_Activity_
Could the data below be copied exactly, minus the pictures?

_Dataset excerpt_
'''
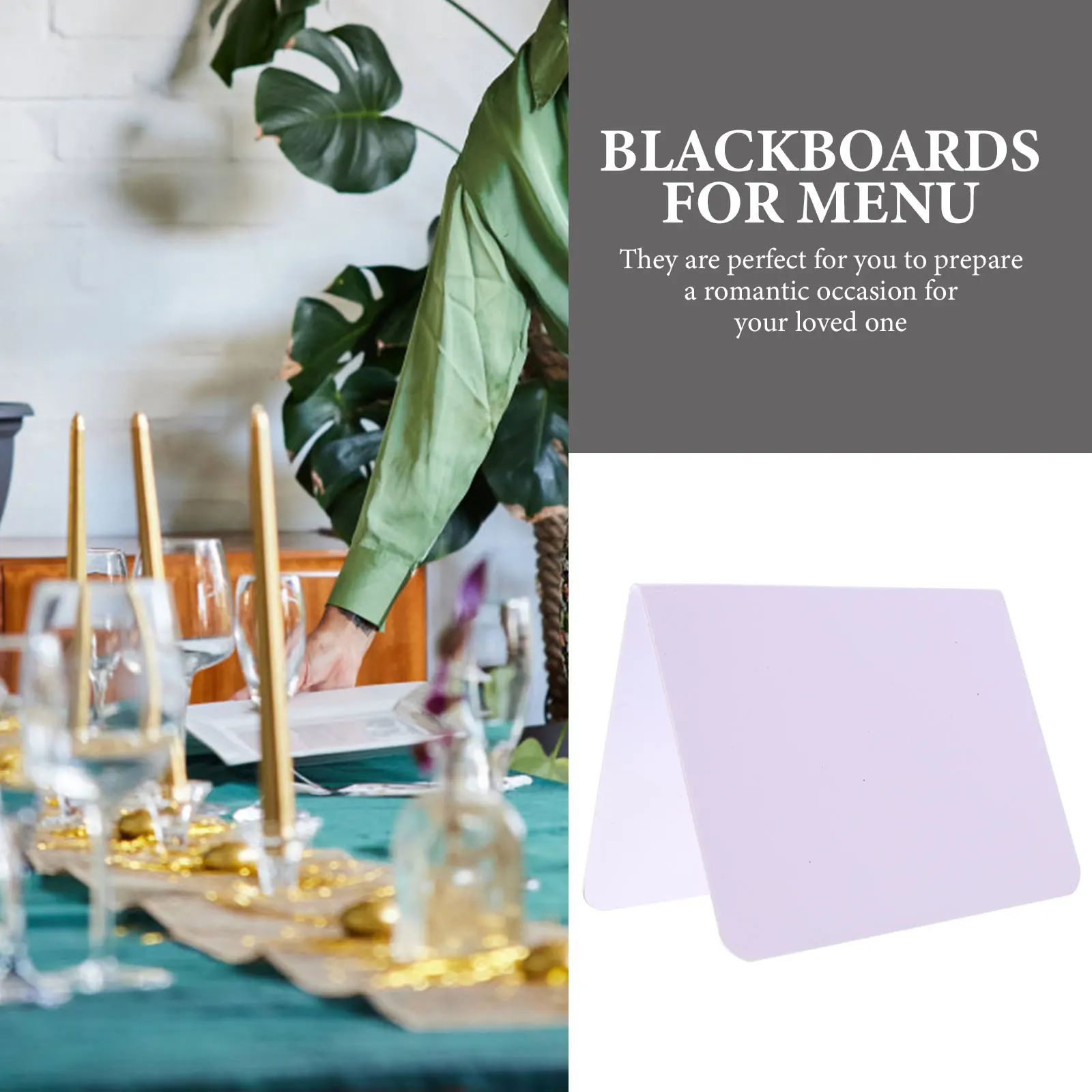 

12 Pcs Dining Table Price Tag Labels Plastic Decor Mini Tabletop Chalkboard Sign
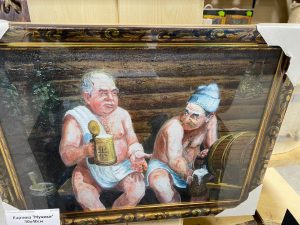 Картина "Мужики" 30х40см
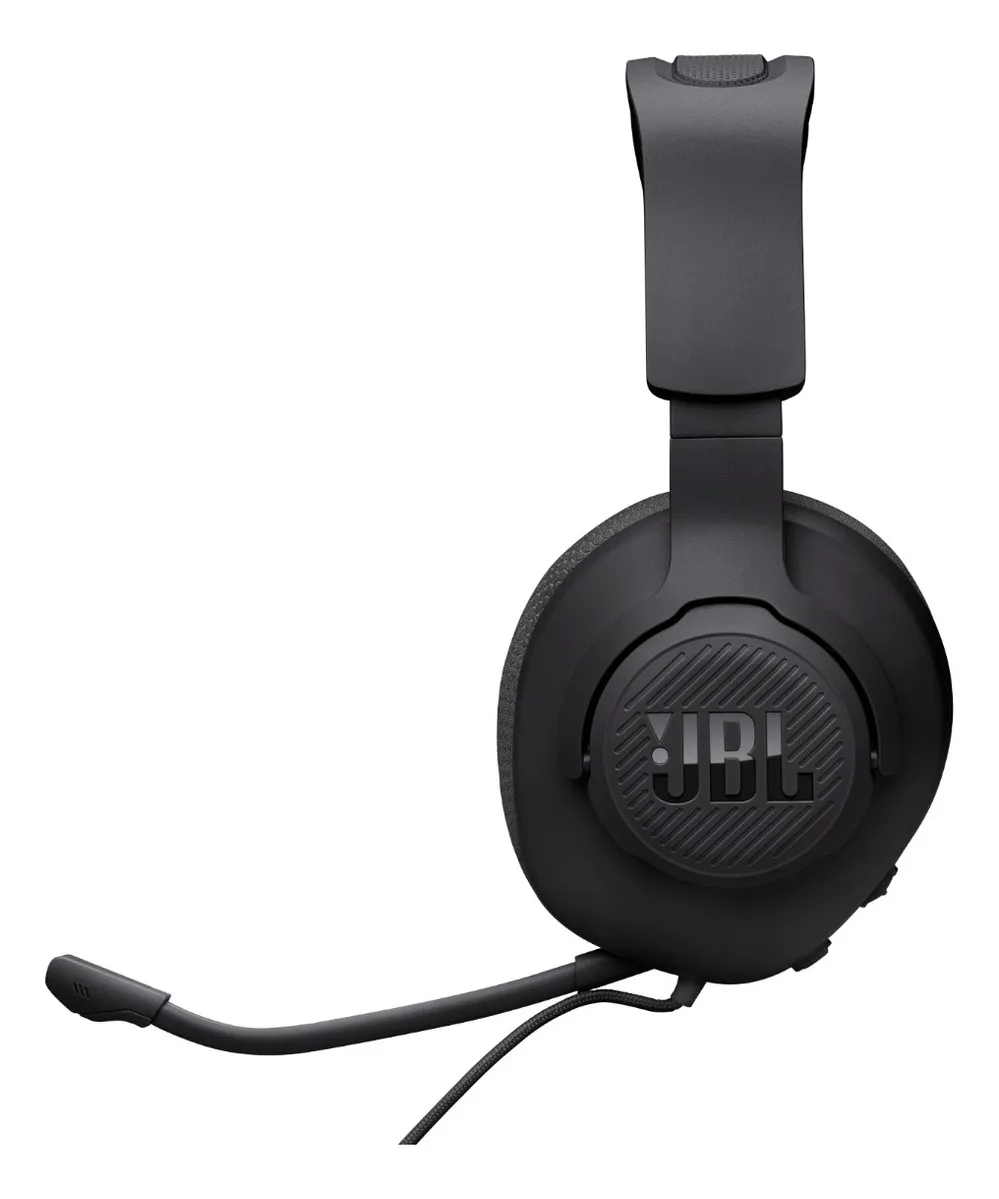 Headset Gamer Com Fio Quantum 100m2 Jbl Jblqtum100m2blk Com Mic - Preto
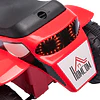 Motocicleta elétrica infantil com 3 rodas triciclo a bateria 6v para crianças de 18-36 meses com farol buzina 72x57x56cm vermelho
'''
_Task output_
12 Pcs Dining Table Price Tag Labels Plastic Decor Mini Tabletop Chalkboard Sign
 Картина "Мужики" 30х40см
 Headset Gamer Com Fio Quantum 100m2 Jbl Jblqtum100m2blk Com Mic - Preto
 Motocicleta elétrica infantil com 3 rodas triciclo a bateria 6v para crianças de 18-36 meses com farol buzina 72x57x56cm vermelho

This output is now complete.